To understand what is happening in these numbers, bear in mind that these poll results are affected by party behaviour.  These numbers match precisely what the parties have done to influence them.

Out of sight.  Out of mind.

The Liberals have been pretty much non-existent in the mainstream media. They’ve been quietly going door to door and travelling around but they haven’t been supporting that with the sustained advertising, website work, and all the other things you’d expect to see during a campaign. 

Things have been pretty much steady-state, except for the whirlwind of nominations.  That’s only appealed to a small segment of the population at a time.  People are waiting for more and so far they haven;t been getting it.  Largely out of site and therefore largely out of mind, the support for the party has been slipping steadily since the winter.

In the last quarter, the Liberals bled support to the undecideds.  That’s really important.

The NDP Delusion

If Earle McCurdy was all that and a bag of chips – hello CBC peeps – or if the party was buoyed up by “national trends” – try again, Don Mills – then the NDP should have gone up by a whole bunch.  Even if they had gone up by half the jump from the previous quarter,  you could make something out of it. 

But Earle has flat-lined in the mid-teens. 

There’s no sign that Tommy Mulcair, Ryan Cleary, and Jack Harris have done a tap to help Earle’s numbers.  Earle hasn’t even helped Earle out.  For the most part, Earle has been screaming against public-private partnerships.  The only people alive who care about that are union organizers and the NDP already owns those votes. Or should we say the union organizers own the NDP.

When he wasn’t talking about P3s, Earle was talking about slashing spending and raising taxes.  Followed immediately by Earle sucking back his endorsement of austerity.

And when he wasn’t doing that he was launching a defence of government-owned “parks” that aren’t really parks at all.  In the process, his people showed up at a site without the permission of the guy who has been leasing the site.  That fact made them look incompetent.  Earle’s attitude – basically, frig the capitalist swine, it’s Crown land – showed a level of arrogance that only made the NDP look worse.

Another cock-up for the Cons

Meanwhile, the Conservatives had a very bad month.  More precisely they had a bad few days toward the end of the month what with the fiasco over the Conservative campaign ad and the use of a political endorsement by a serving police officer.  The same clip apparently turned up at the Tory leadership convention, but that would make it an even worse story for the Conservatives.

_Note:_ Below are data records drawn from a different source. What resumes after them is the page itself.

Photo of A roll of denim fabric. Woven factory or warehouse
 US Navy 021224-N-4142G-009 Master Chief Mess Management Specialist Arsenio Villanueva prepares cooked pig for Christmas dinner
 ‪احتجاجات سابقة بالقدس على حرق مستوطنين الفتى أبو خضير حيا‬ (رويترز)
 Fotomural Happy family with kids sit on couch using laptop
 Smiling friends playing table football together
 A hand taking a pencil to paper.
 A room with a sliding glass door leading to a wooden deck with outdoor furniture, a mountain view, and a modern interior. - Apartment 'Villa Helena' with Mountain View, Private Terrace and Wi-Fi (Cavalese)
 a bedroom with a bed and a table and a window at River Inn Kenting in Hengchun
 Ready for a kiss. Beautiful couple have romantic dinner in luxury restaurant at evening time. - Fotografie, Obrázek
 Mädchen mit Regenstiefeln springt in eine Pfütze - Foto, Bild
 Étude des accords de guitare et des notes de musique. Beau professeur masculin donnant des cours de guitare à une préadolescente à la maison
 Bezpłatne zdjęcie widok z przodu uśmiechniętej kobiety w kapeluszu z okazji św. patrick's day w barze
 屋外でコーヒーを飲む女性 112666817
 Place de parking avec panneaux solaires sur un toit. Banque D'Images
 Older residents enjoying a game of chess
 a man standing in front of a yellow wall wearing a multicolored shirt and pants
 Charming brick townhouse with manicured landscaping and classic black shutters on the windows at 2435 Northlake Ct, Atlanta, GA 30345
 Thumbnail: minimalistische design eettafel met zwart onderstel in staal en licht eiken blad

Anyway, they dropped two points and those two went to the undecideds, not the NDP.

The Conservatives have had a year to turn things around.

They squandered their time. And when they weren’t wasting opportunities they’ve been frigging things up.  You can tell a Conservative supporter these days:  they are the only ones talking about the need for a strong opposition.  What that means is that they are resigned to losing. They would like to be the official opposition but the seeming rise of the NDP has got them scared shitless that the Tories could be slaughtered in November.

Future Trends

While the Liberals are still on track to win a comfortable majority,  this downward trending in CRA should have them a little concerned.  The drop is mirrored in other poll results, incidentally. They need to hold those numbers up in order to ensure they get a good turnout at the polls and that they have the confidence of the electorate once the election is over.

By rights, the Liberals should be aiming to have a CRA number somewhere around 42 or 43%.  Even getting something in the high 30s at this point would be good, especially if the other parties stay  mired in the sub-20 world.  There’s still time to swing things back.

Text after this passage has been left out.